Dan setiap kali bertambah tinggi kedudukan dan posisinya maka semakin dekat
pula dia dengan manusia dan berusaha untuk menunaikan berbagai kebutuhan mereka
serta bersikap rendah hati kepada mereka. Ini karena orang yang tawadhu’
menyadari akan segala nikmat yang didapatnya adalah dari Allah Swt., untuk mengujinya
apakah ia bersykur atau kufur.
Berikut
beberapa contoh ketawadhu’an Rasulullah Saw.:
a. Anas ra jika bertemu dengan
anak-anak kecil maka selalu mengucapkan salam pada mereka, ketika ditanya
mengapa ia lakukan hal tersebut ia menjawab: Aku melihat kekasihku Nabi Saw.
senantiasa berbuat demikian. (HR. Bukhari, Fathul Bari’- 6247).

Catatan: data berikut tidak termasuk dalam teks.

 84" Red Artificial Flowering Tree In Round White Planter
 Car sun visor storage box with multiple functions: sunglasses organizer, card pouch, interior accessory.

b. Dari Anas ra berkata: Nabi Saw.
memiliki seekor unta yang diberi nama al-’adhba` yang tidak terkalahkan
larinya, maka datang seorang ‘a’rabiy dengan untanya dan mampu mengalahkan,
maka hati kaum muslimin terpukul menyaksikan hal tersebut sampai hal itu
diketahui oleh nabi Saw., maka beliau bersabda: Menjadi hak Allah jika ada
sesuatu yang meninggikan diri di dunia pasti akan direndahkan-Nya. (HR. Bukhari).
(Fathul Bari’-2872).
c. Abu Said al-Khudarii ra pernah
berkata: Jadilah kalian seperti Nabi Saw., beliau Saw. menjahit bajunya yang
sobek, memberi makan sendiri untanya, memperbaiki rumahnya, memerah susu
kambingnya, membuat sandalnya, makan bersama-sama dengan pembantu-pembantunya,
memberi mereka pakaian, membeli sendiri keperluannya di pasar dan memikulnya
sendiri ke rumahnya, beliau menemui orang kaya maupun miskin, orang tua maupun
anak-anak, mengucapkan salam lebih dulu pada siapa yang berpapasan baik tua
maupun anak, kulit hitam, merah, maupun putih, orang merdeka maupun hamba
sahaya sepanjang termasuk orang yang suka shalat.
Sikap tawadhu’
seseorang dapat dilihat dari perilakunya sehari-hari. Adapun bentuk-bentuk
perilaku tawadhu’ seseorang antara lain:
a. Menghormati orang yang lebih
tua atau orang yang lebih pandai daripada dirinya
b. Sayang kepada yang lebih muda
atau lebih rendah kedudukannya
c. Menghargai pendapat atau
pembicaraan orang lain
d. Bersedia mengalah demi
kepentingan umum
e. Santun dalam berbicara kepada
siapapun
f. Tidak suka disanjung orang lain
atau keberhasilan yang dicapai
4. Dampak Positif
Membiasakan Sikap Tawadhu’
Dampak
positif tawadhu’ berarti akibat baik dari sikap tawadhu’. Adapun dampak positif
sikap tawadhu’ antara lain:
a. Menimbulkan rasa simpati pihak
lain sehingga suka bergaul dengannya.
b. Akan dihormati secara tulus
oleh pihak lain sesuai nalurinya bahwa setiap manusia igin dihormati dan
menghormati.
c. Mempererat hubungan
persaudaraan antara dirinya dan orang lain.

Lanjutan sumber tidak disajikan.